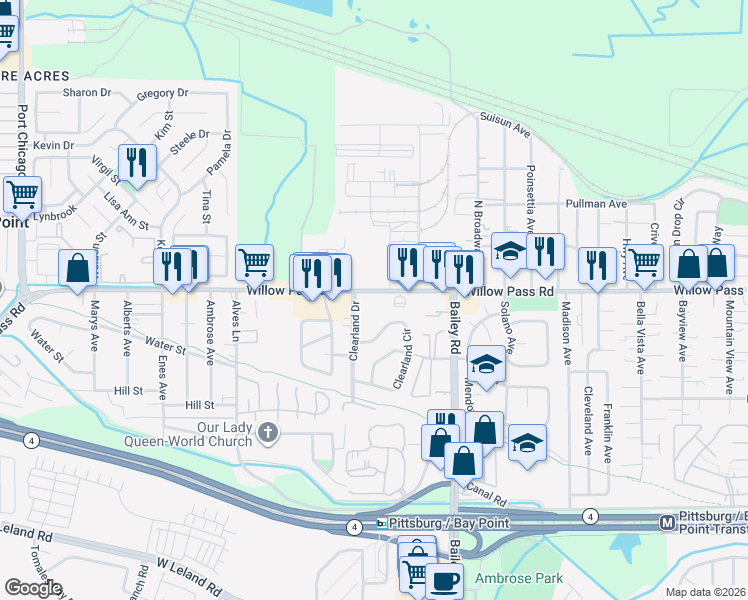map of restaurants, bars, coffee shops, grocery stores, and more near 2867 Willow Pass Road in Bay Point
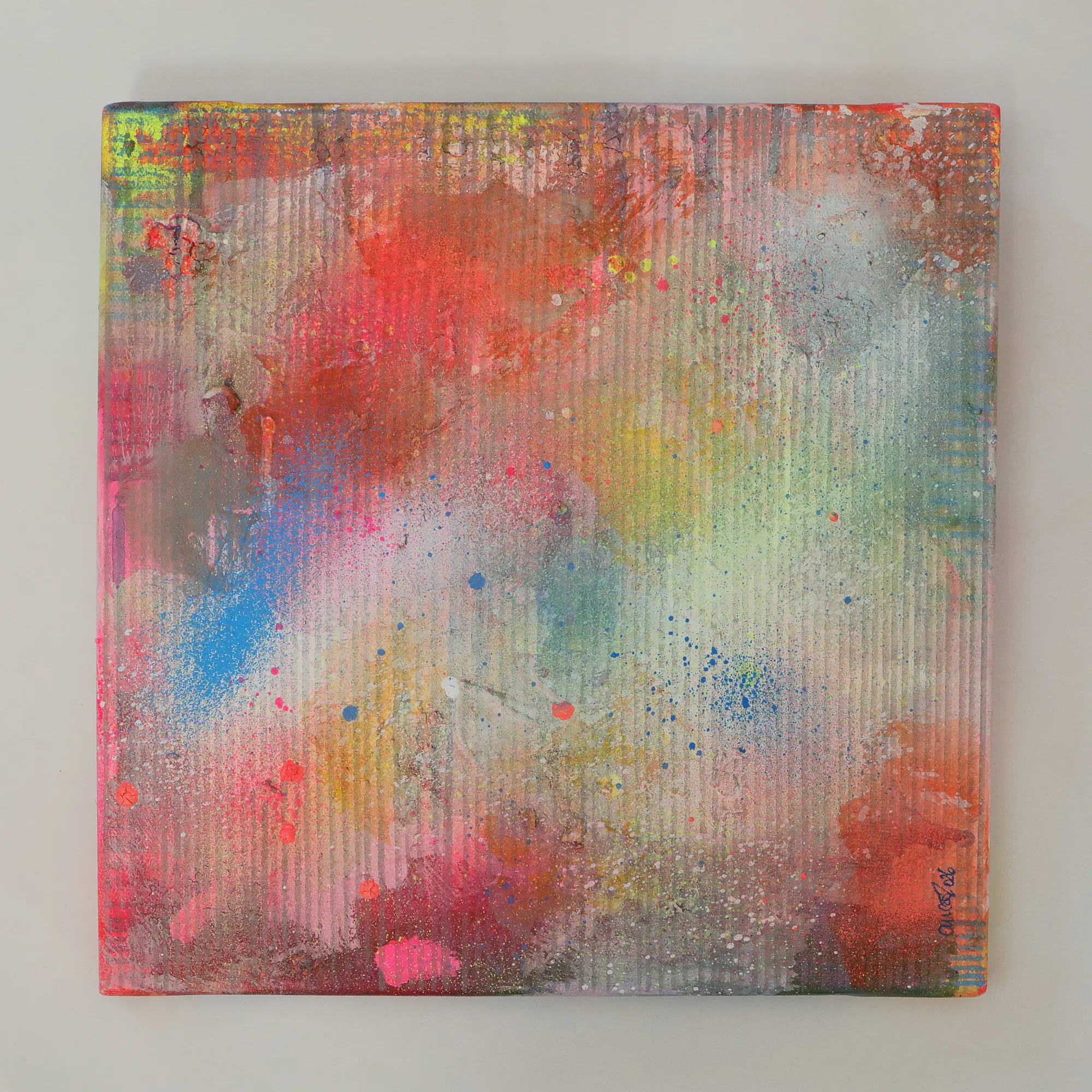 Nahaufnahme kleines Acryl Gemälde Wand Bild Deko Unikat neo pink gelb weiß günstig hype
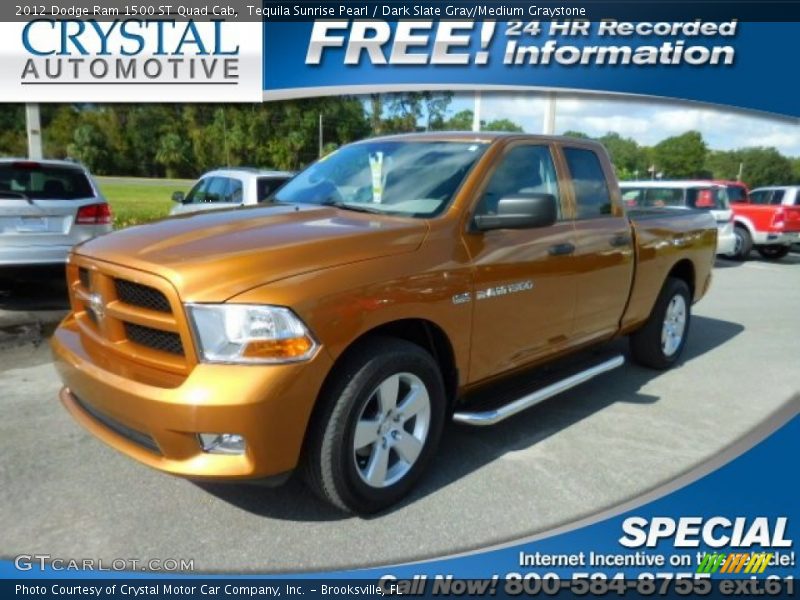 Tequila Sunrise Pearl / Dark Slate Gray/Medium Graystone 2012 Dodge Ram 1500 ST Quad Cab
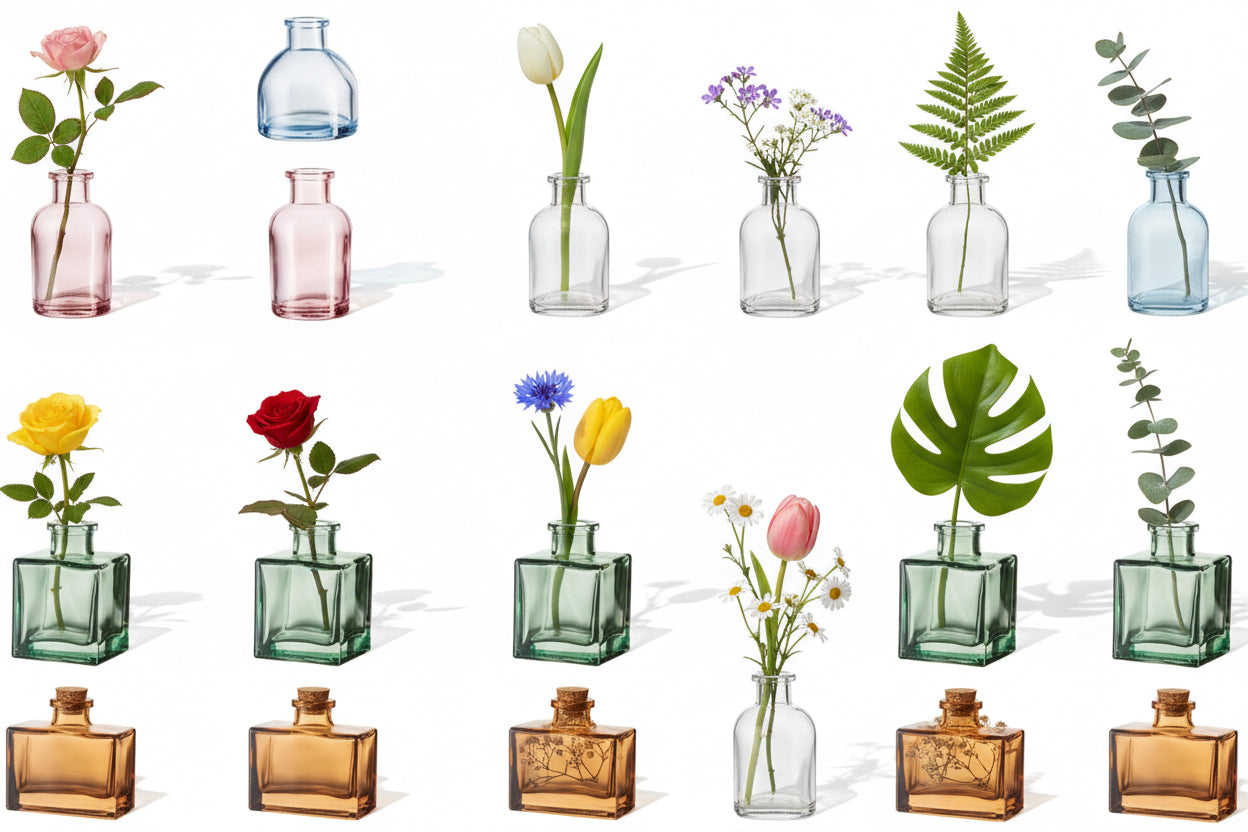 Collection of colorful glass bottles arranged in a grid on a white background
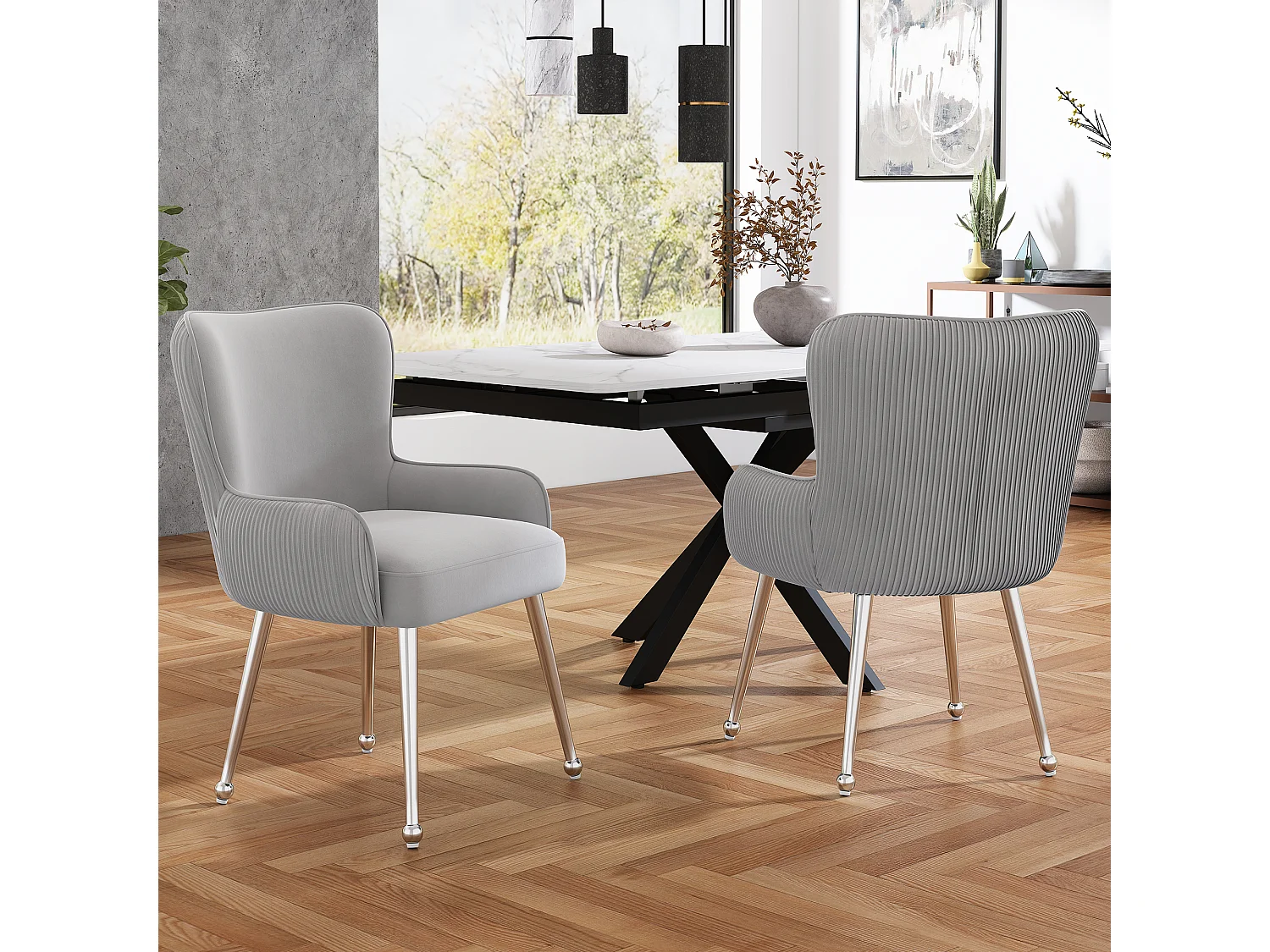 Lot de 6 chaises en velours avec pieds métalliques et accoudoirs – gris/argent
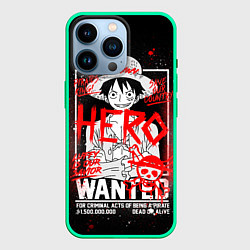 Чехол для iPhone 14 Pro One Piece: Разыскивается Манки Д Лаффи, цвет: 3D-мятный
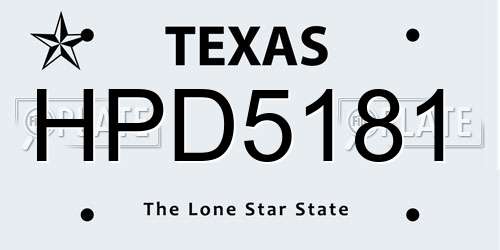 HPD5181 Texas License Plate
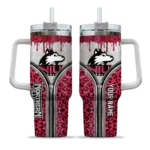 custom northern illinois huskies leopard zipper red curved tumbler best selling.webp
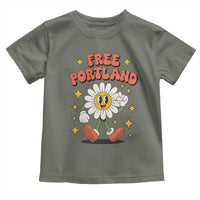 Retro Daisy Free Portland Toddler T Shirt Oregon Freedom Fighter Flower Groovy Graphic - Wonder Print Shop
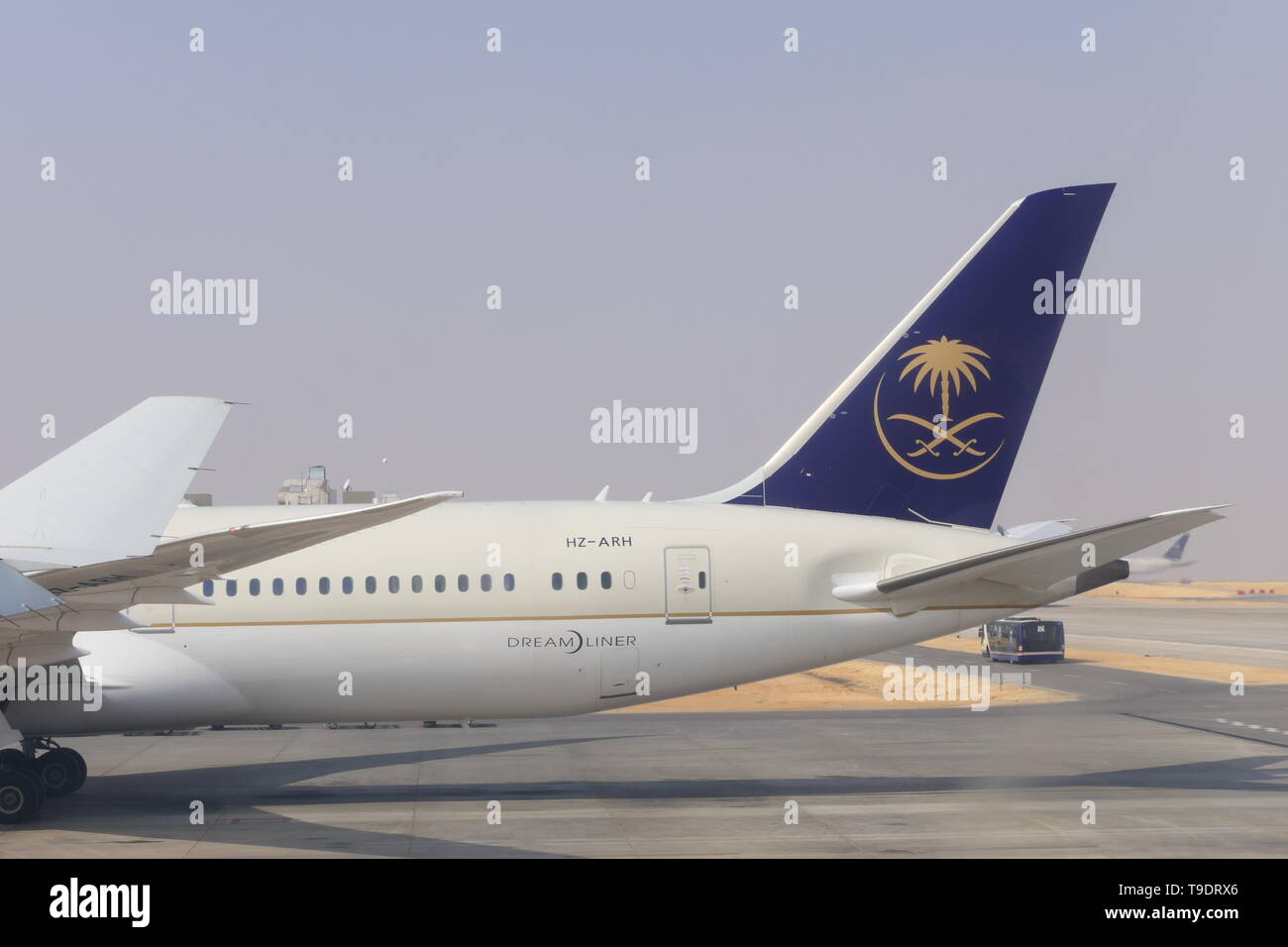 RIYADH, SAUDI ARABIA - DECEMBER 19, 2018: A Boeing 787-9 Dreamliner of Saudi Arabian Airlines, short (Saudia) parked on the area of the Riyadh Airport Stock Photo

REQUIRED ACTION
Once the line with "custom northern illinois" is found, write out that line and every later line of the listing above exactly, through the last one, and skip any pictures.

WRITTEN SOLUTION
 custom northern illinois huskies leopard zipper red curved tumbler best selling.webp
 Retro Daisy Free Portland Toddler T Shirt Oregon Freedom Fighter Flower Groovy Graphic - Wonder Print Shop
 RIYADH, SAUDI ARABIA - DECEMBER 19, 2018: A Boeing 787-9 Dreamliner of Saudi Arabian Airlines, short (Saudia) parked on the area of the Riyadh Airport Stock Photo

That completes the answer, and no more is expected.